#### Problem to solve
No pictures in the copy. Write out the listing below exactly.

#### Information supplied
· · · · ·
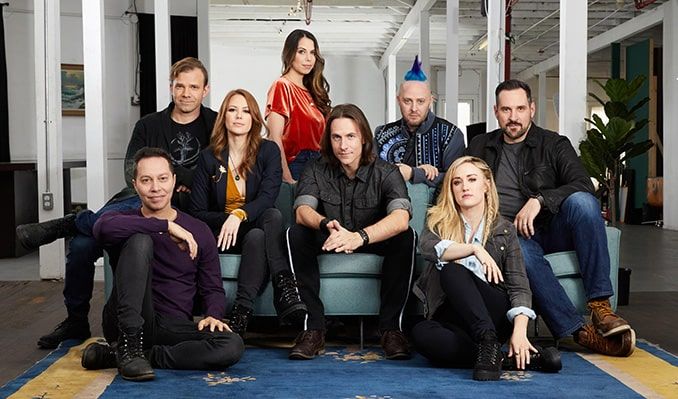Fotografia promozionale di Critical Role.
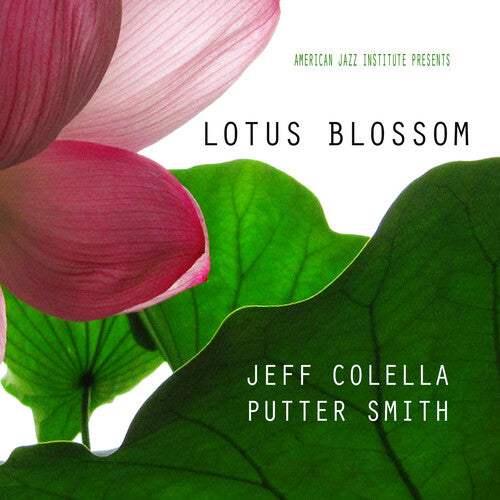 Jeff Colella - Lotus Blossom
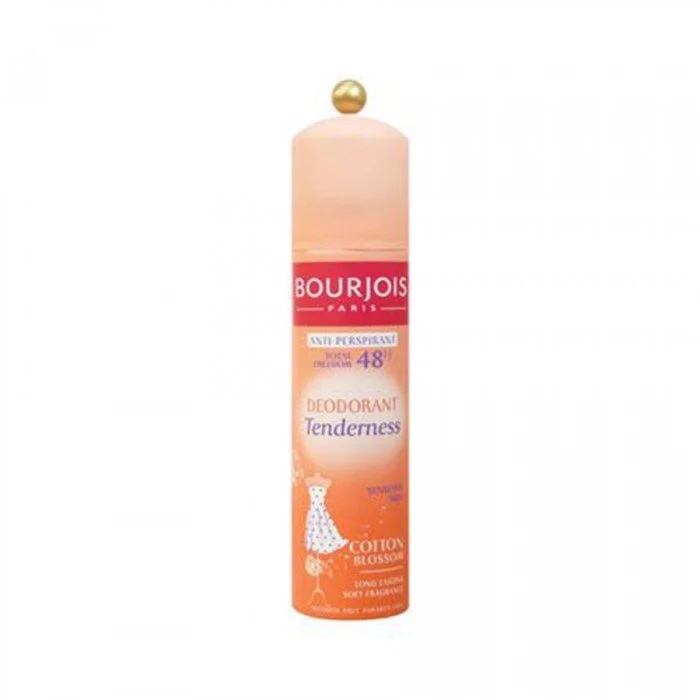 Gentle deodorant-antiperspirant tenderness reduces odor and moisture and also suits sensitive skin.
Description effects dermatologically tested, free of alcohol and parabens, fine perfume of cotton bloom. | Veela Beauty Gentle deodorant-antiperspirant tenderness reduces odor and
· · · · ·
#### Answer section
Fotografia promozionale di Critical Role.
 Jeff Colella - Lotus Blossom
 Gentle deodorant-antiperspirant tenderness reduces odor and moisture and also suits sensitive skin.
Description effects dermatologically tested, free of alcohol and parabens, fine perfume of cotton bloom. | Veela Beauty Gentle deodorant-antiperspirant tenderness reduces odor and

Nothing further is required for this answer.